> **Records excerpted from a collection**
· · ·

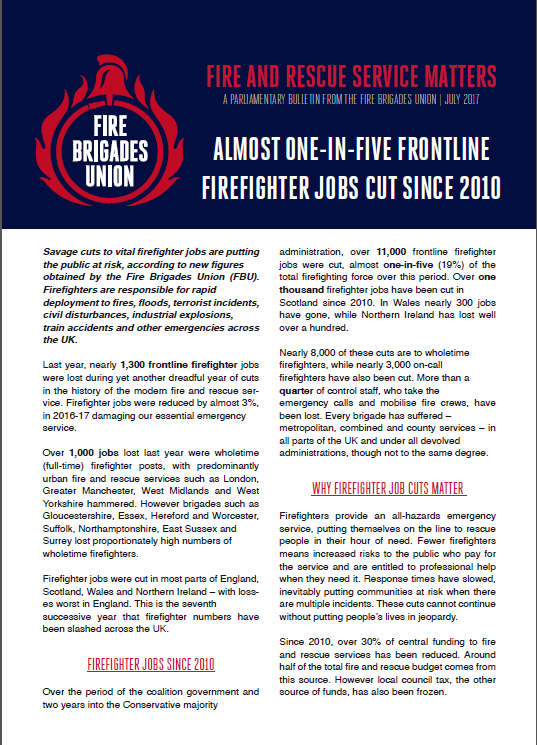 Cover Fire and Rescue Service Matters - July 2017 | Job Cuts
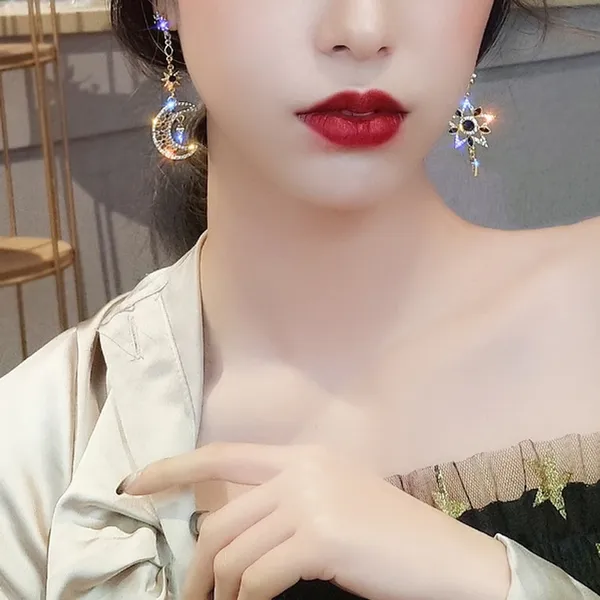 Asymmetrical Celestial Moon & Star Drop Earrings - Horoscope, Bling, Sparkle - Image 5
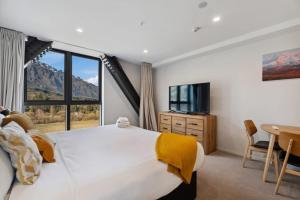Postel nebo postele na pokoji v ubytování Modern Studio with fantastic Mountain Views
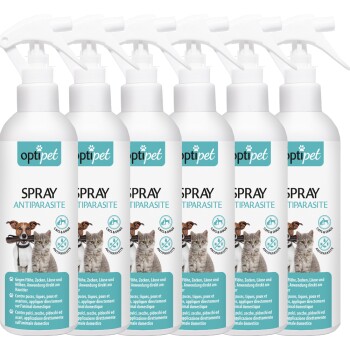 OptiPet Flohspray 6x250ml für direkte Tieranwendung gegen Flöhe, Milben, Zecken, Läuse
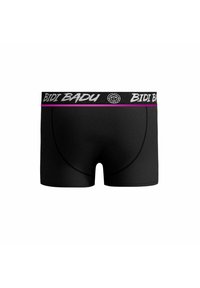 Boxer in cotone neri con un ampio elastico nero decorato con il testo bianco "BIDI BADU" e una linea di accentazione rosa. Texture liscia, design aderente.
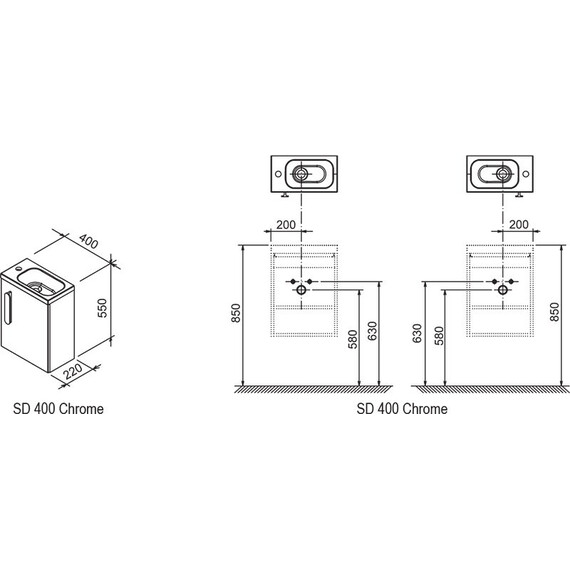 ТУМБА ПОД УМЫВАЛЬНИК RAVAK SD 400 CHROME БЕЛАЯ/БЕЛАЯ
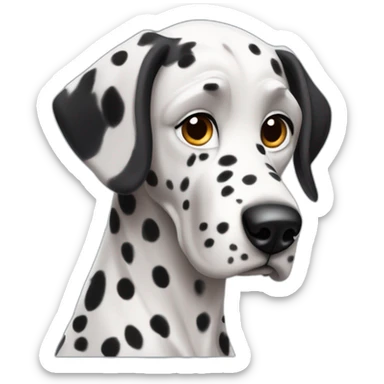 Chien race dalmatien, belle femelle en style Pixar sticker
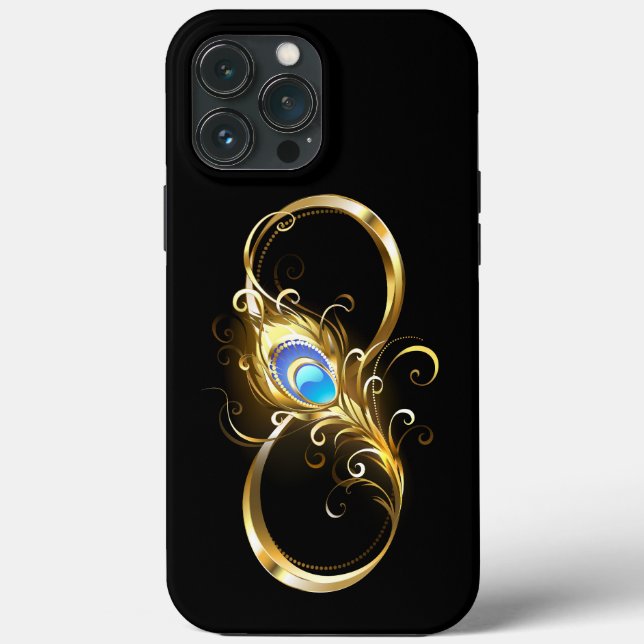Infinity with Golden Peacock Feather Case-Mate iPhone Case (Back)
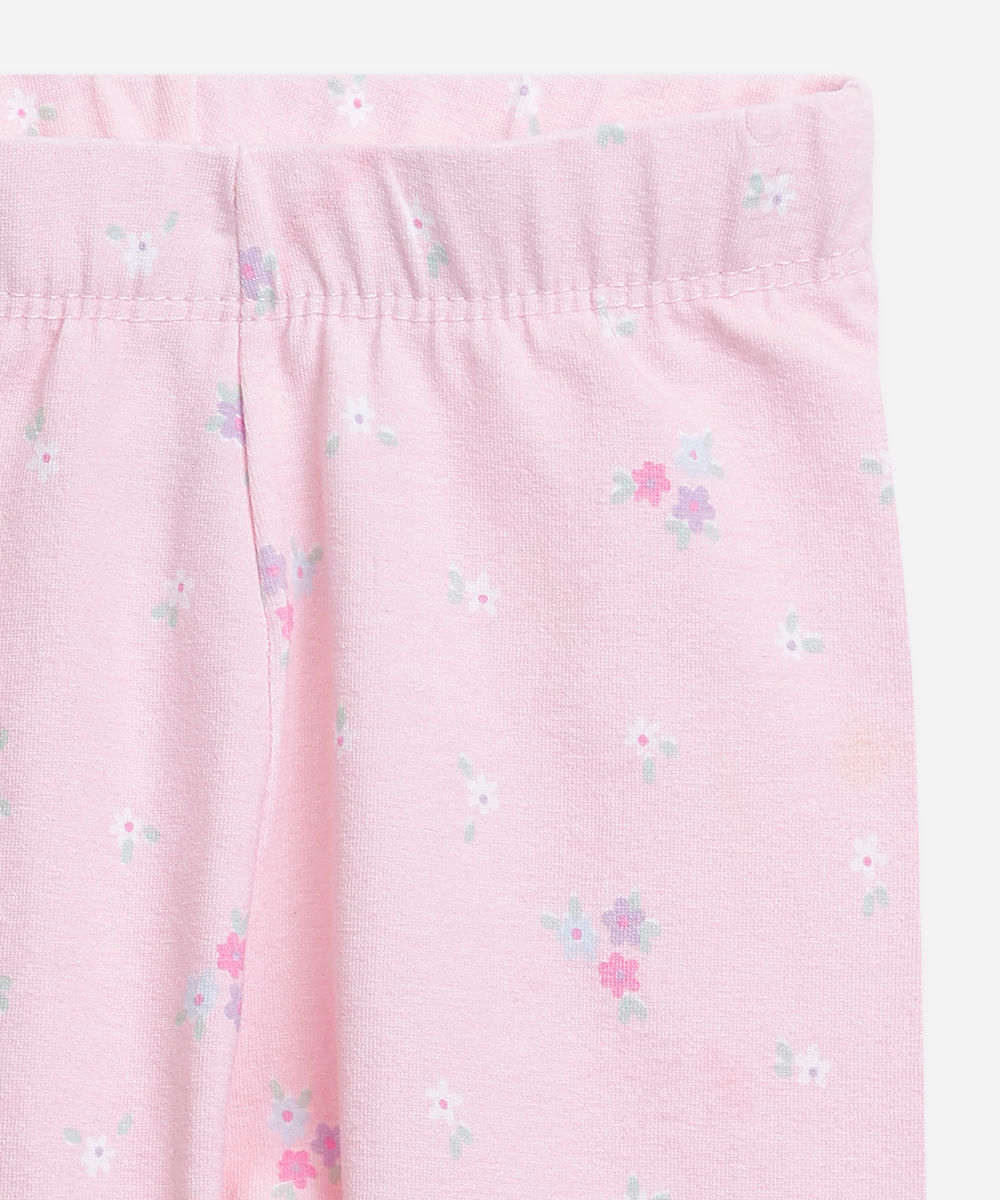 calça legging infantil de algodão liberty  rosa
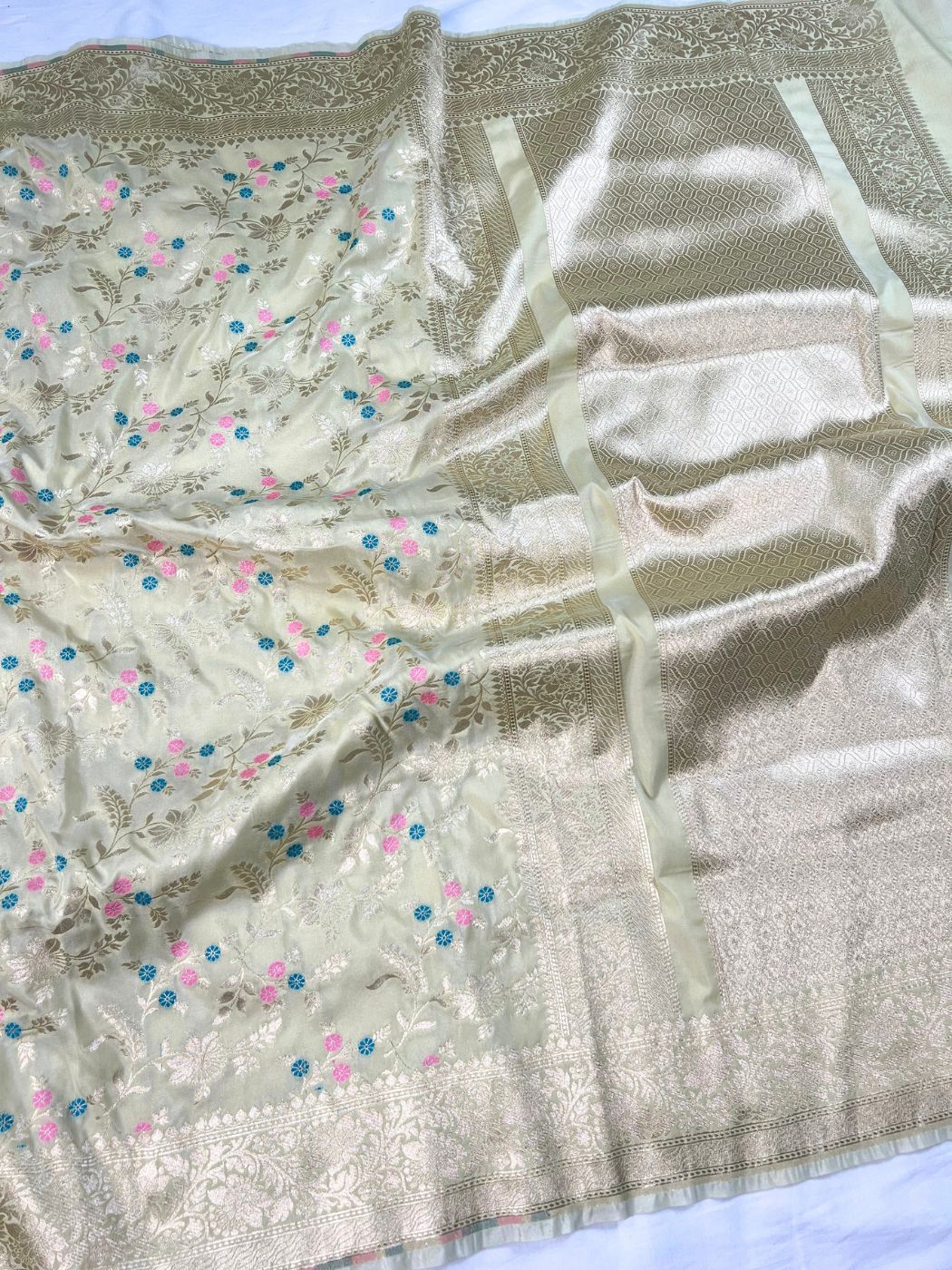 Pastel Green Katan Silk Saree Full View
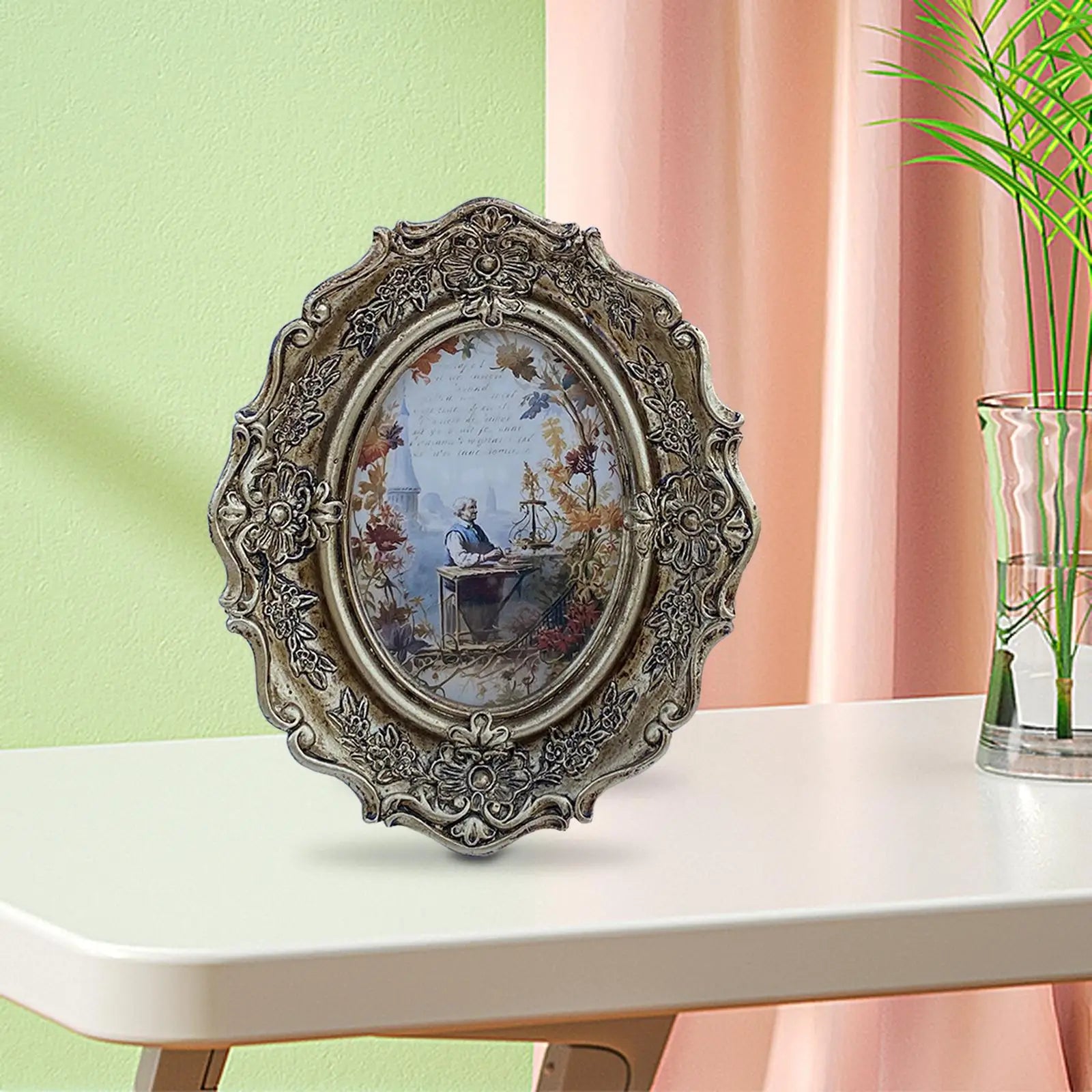 Picture Frame Room Oval Retro Desk DIY Elegant Antique Picture Display Photo Holder for Bedroom Holiday Table Hallway Party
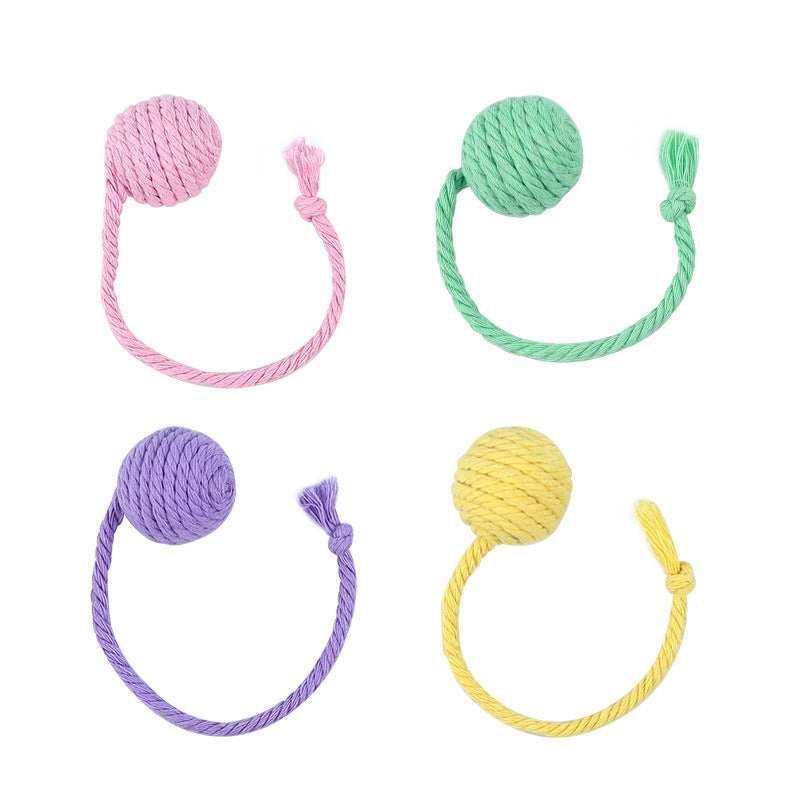 Katzen Spielzeug, Katzenball, 3 cm Baumwollseilball Hängendes Spielzeug, Eingebauter Klangstein, 4 Farben Set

· · ·

> **ACTION ITEM**
Return every line above verbatim, pictures excluded.

> **YOUR SOLUTION**
 Cover Fire and Rescue Service Matters - July 2017 | Job Cuts
 Asymmetrical Celestial Moon & Star Drop Earrings - Horoscope, Bling, Sparkle - Image 5
Postel nebo postele na pokoji v ubytování Modern Studio with fantastic Mountain Views
 OptiPet Flohspray 6x250ml für direkte Tieranwendung gegen Flöhe, Milben, Zecken, Läuse
 Boxer in cotone neri con un ampio elastico nero decorato con il testo bianco "BIDI BADU" e una linea di accentazione rosa. Texture liscia, design aderente.
 ТУМБА ПОД УМЫВАЛЬНИК RAVAK SD 400 CHROME БЕЛАЯ/БЕЛАЯ
 Chien race dalmatien, belle femelle en style Pixar sticker
Infinity with Golden Peacock Feather Case-Mate iPhone Case (Back)
 calça legging infantil de algodão liberty  rosa
 Pastel Green Katan Silk Saree Full View
 Picture Frame Room Oval Retro Desk DIY Elegant Antique Picture Display Photo Holder for Bedroom Holiday Table Hallway Party
 Katzen Spielzeug, Katzenball, 3 cm Baumwollseilball Hängendes Spielzeug, Eingebauter Klangstein, 4 Farben Set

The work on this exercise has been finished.